* _What this task involves_
Print all records exactly, pictures left out.

* _Short text fragments from websites_
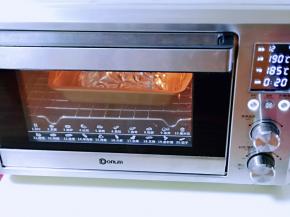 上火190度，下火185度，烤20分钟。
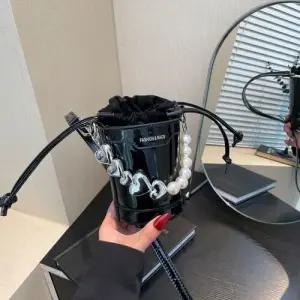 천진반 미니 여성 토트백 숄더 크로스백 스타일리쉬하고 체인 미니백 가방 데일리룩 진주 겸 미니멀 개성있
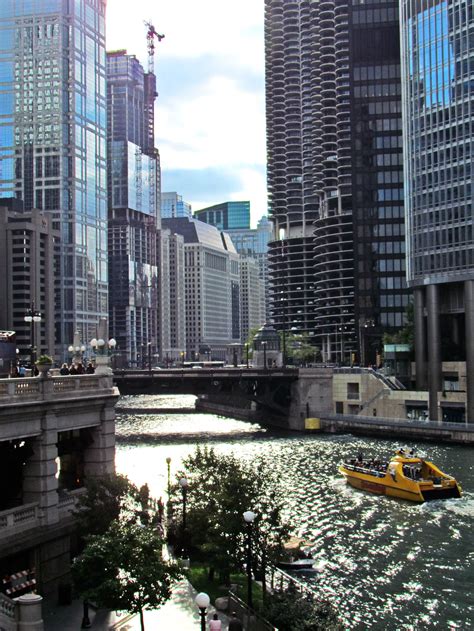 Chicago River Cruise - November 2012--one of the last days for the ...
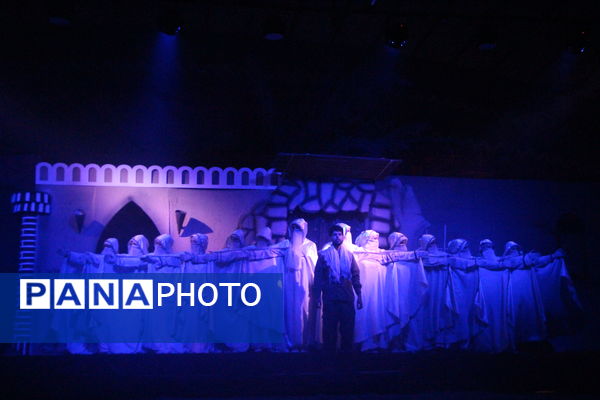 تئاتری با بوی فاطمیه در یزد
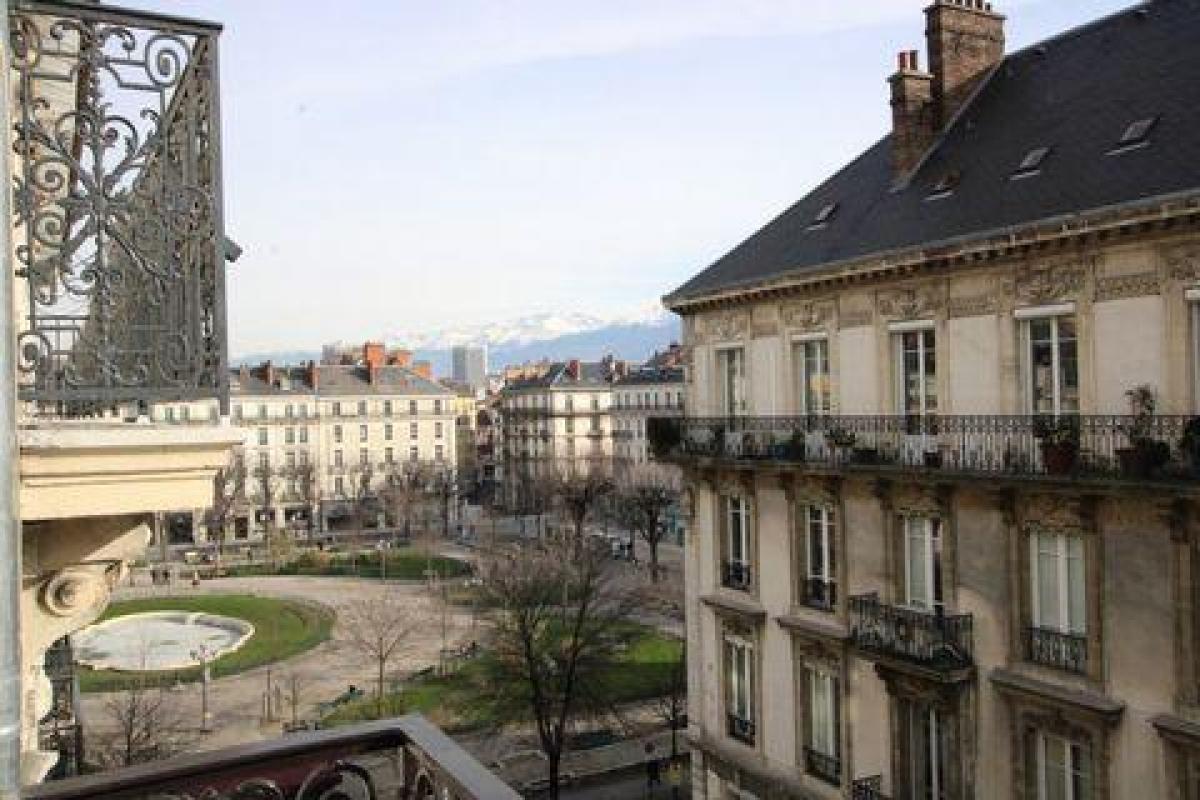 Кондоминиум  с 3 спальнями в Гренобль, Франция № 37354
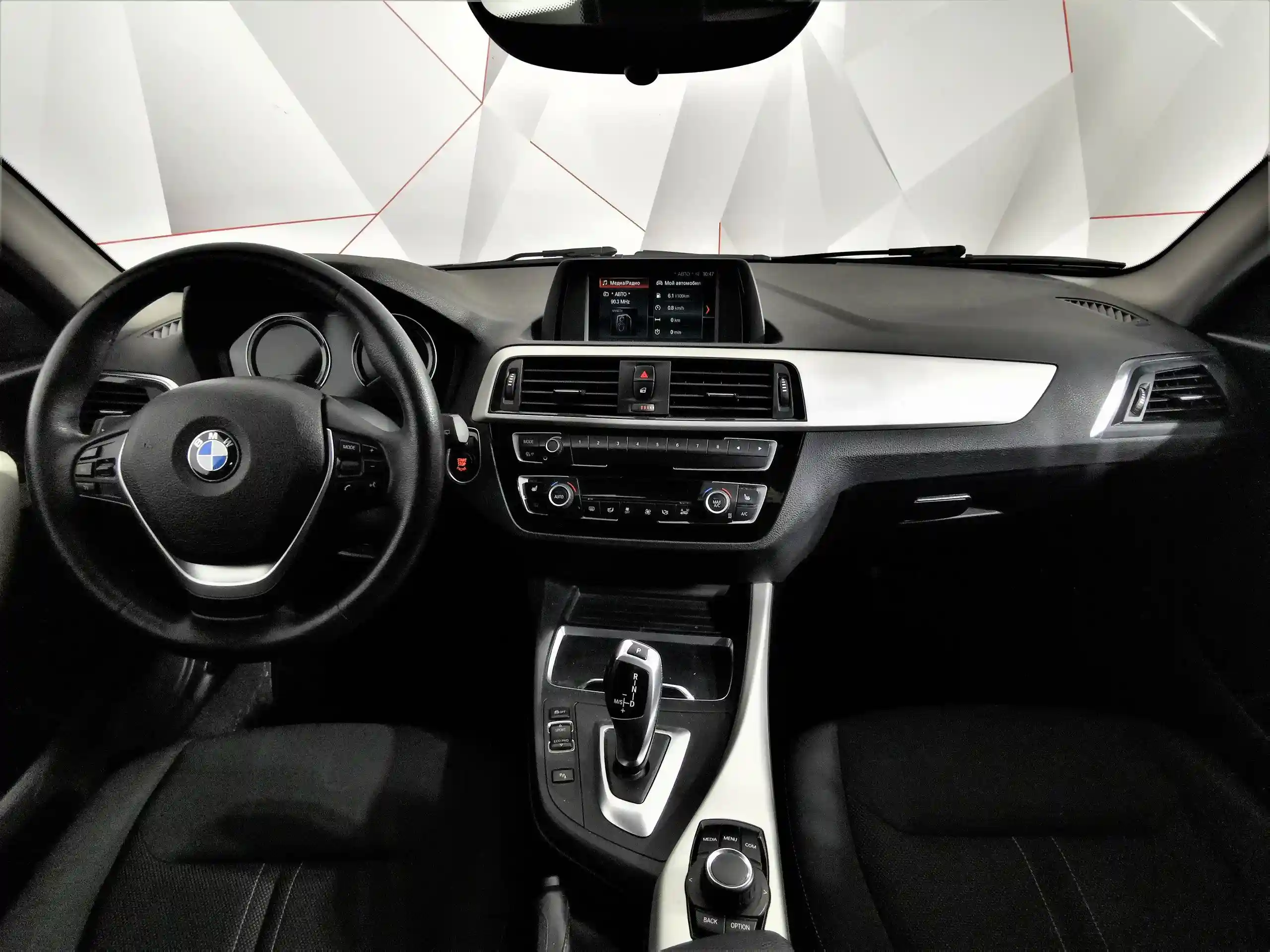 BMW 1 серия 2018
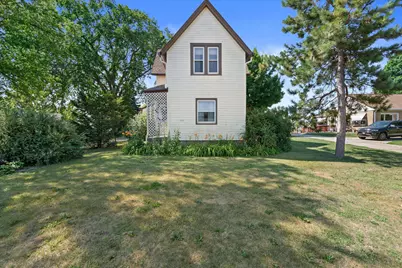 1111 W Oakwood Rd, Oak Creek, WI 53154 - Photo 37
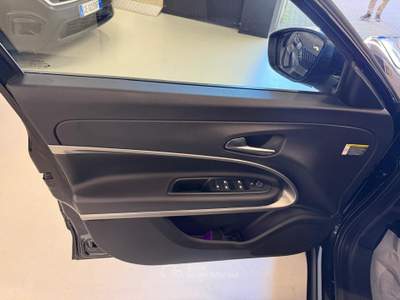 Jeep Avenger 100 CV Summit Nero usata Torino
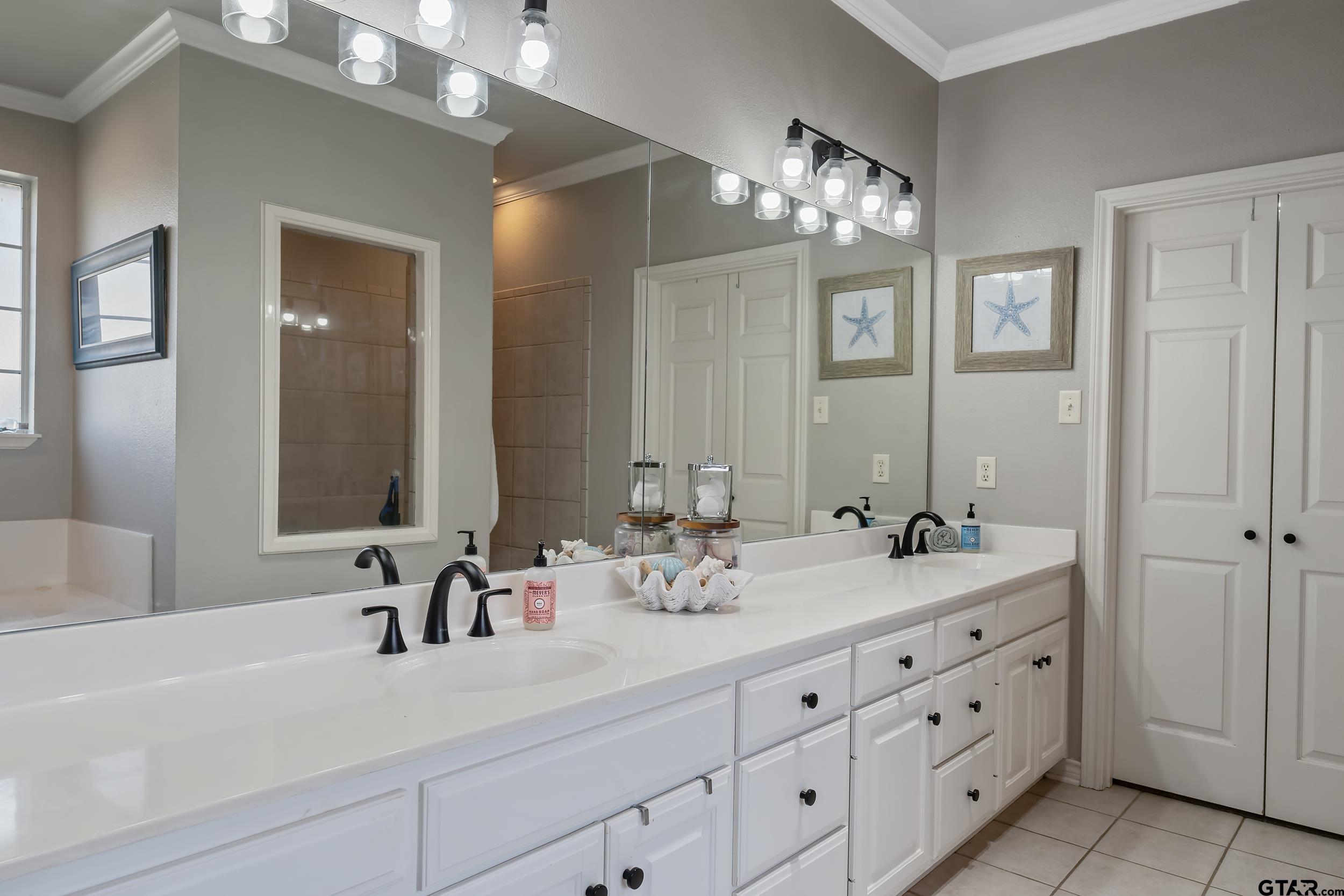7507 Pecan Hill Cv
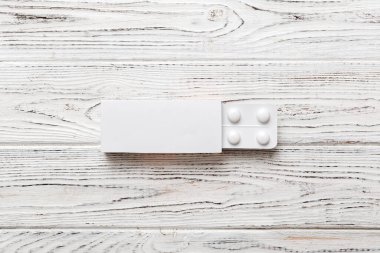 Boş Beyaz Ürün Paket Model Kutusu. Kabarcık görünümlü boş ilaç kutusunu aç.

* _Output_
 上火190度，下火185度，烤20分钟。
 천진반 미니 여성 토트백 숄더 크로스백 스타일리쉬하고 체인 미니백 가방 데일리룩 진주 겸 미니멀 개성있
 Chicago River Cruise - November 2012--one of the last days for the ...
 تئاتری با بوی فاطمیه در یزد
 Кондоминиум  с 3 спальнями в Гренобль, Франция № 37354
 BMW 1 серия 2018
 1111 W Oakwood Rd, Oak Creek, WI 53154 - Photo 37
 Jeep Avenger 100 CV Summit Nero usata Torino
7507 Pecan Hill Cv
 Boş Beyaz Ürün Paket Model Kutusu. Kabarcık görünümlü boş ilaç kutusunu aç.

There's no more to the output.